Of course, that begs the question: if the stock market up 15% YTD wasn’t enough “risk enticement” for the Fed, what is???
Thus, my suggestion for QE4: just cut out the middle man. If the goal of manipulating markets is to send stock prices higher, than stop manipulating “just” the fixed income market and start buying stocks.
Heck, let’s ditch inflation targets and start setting price targets for the stock market. Look at the pop in stocks from today’s announcement of QE3. Could you imagine the pop in the stock market if the Fed came out w/ a QE4 announcement headlined:
Today, the Federal Reserve announced it would spend unlimited funds with a goal aimed at reaching a target price of 1750 on the S&P by year. From there, the Fed will raise its target S&P 500 price by 1% per month (stripping out the effects of non-core food and energy stock prices, of course).Wouldn’t that hit all of the Fed’s targets? Higher stock prices? Check. Encourage risk taking? Check. Plus this route would at least allow the Fed to participate in some of those gains- why should Wall Street traders have all of the fun????

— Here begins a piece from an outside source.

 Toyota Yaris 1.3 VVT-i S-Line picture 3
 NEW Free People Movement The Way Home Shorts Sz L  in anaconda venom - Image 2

Even better, think of all the capital gains generated by this new policy of forcing stock prices higher. Can you say goodbye federal deficit???
Again, I’m no economist. And I’d rather if we licked our wounds, let the economy muddle on for another few years while the nation repaired its balance sheet, and then started growing from there.
But I’m also not a fan of half-baked solutions like the ones that are currently being offered.
And that’s why I say if the Fed wants to go down this road, they need to put the pedal to the metal and go down this road.
That’s the end of my little rant, the first (and possibly only) time I’ll discuss macro on this blog. After all, there are still plenty of special situations that offer attractive return possibilities for value investors…. with or without more QE.